Think about your legacy. A diagnosis of metastatic cancer can serve as a “wake-up” call for you to stop and think about how you want to experience the rest of your life. You may want to visit somewhere you’ve never been, or finish projects you’ve put aside, or mend broken relationships. “When I was first diagnosed, I was in despair. I thought, ‘I’m twice divorced, I don’t have kids, and I haven’t done that much with my art therapy career,’” Beaty says. “I asked myself: ‘What legacy am I leaving behind?’”
Then, one afternoon while she went through a 6-hour cancer treatment, Beaty scrolled through the emojis on her cell phone and realized that none of them were relevant to her life right now. A year later, she created the EmPat Project, a website filled with animated emojis for cancer patients to text to friends and family when they felt too tired, sick, or sad to explain how they were doing. “The EmPat emojis became the legacy project I was so afraid I’d never get to create,” Beaty says proudly.
Getting Support When You Have MSCLC
Surround yourself with a medical team you can trust. Alexis Daniuk, 76, was diagnosed with metastatic small-cell lung cancer in January 2021 after being hospitalized for a persistent cough. Almost as soon as she got the news, she received a telephone call from her primary care doctor. “He was there from day one, cheering me on and telling me I’d conquer my cancer,” she says. “He was always after me to make sure I ate enough, and to remind me to get off the couch every single day and walk, even if it was just 2 feet. He really kept me going through my darkest times.”
Lean on others. “When I was diagnosed with small-cell lung cancer 15 years ago, I had to swallow my pride and ask for help,” recalls Montessa Lee, 43. “But I needed assistance — was being treated at two different hospitals with radiation and chemotherapy, and the therapies made me so woozy I couldn’t drive.”
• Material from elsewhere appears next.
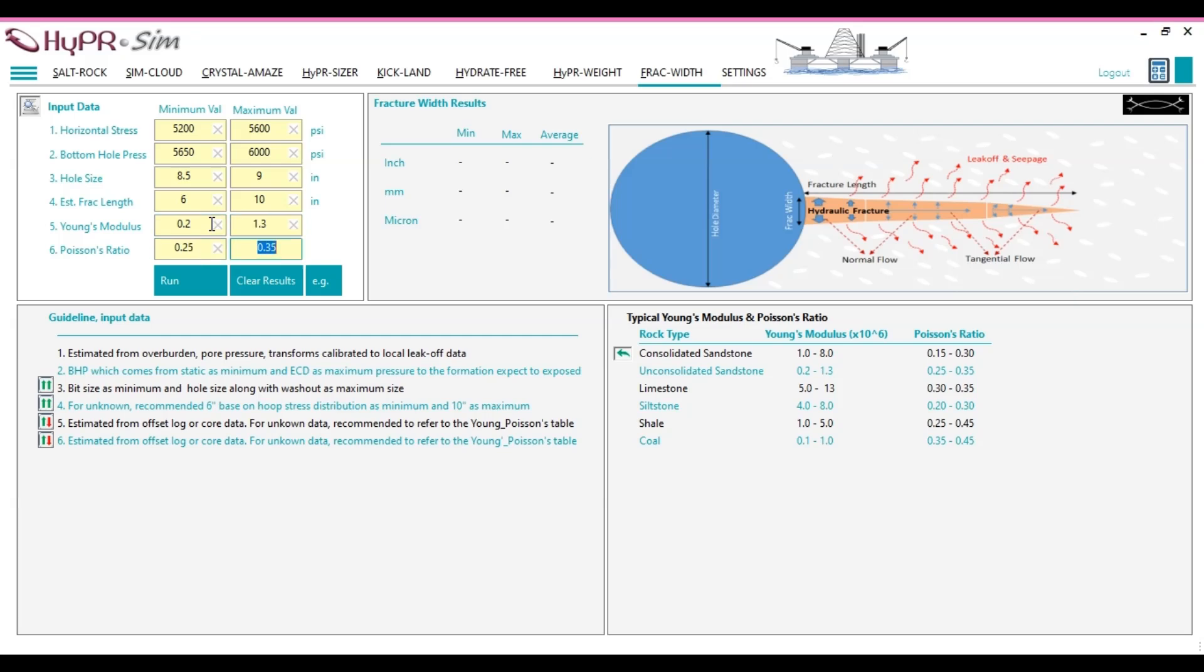Young's modulus is a measure of a material's stiffness or rigidity. It quantifies the relationship between stress, force per unit area, and strain, proportional deformation, in the linear elastic range. A higher Young's modulus indicates a stiffer material that resists deformation under stress.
It can be particularly hard if you have adult children, since it may involve a fairly sharp role reversal. “As a parent, you don’t want your kids, no matter how old they are, to see you sick and taking care of you,” Daniuk says. But she quickly learned that she had no other choice. “My daughter Shannon is a nurse, so she knew exactly what to ask the doctors when I was first diagnosed,” Daniuk explains. “I’ve also realized that it makes her feel better to help me.”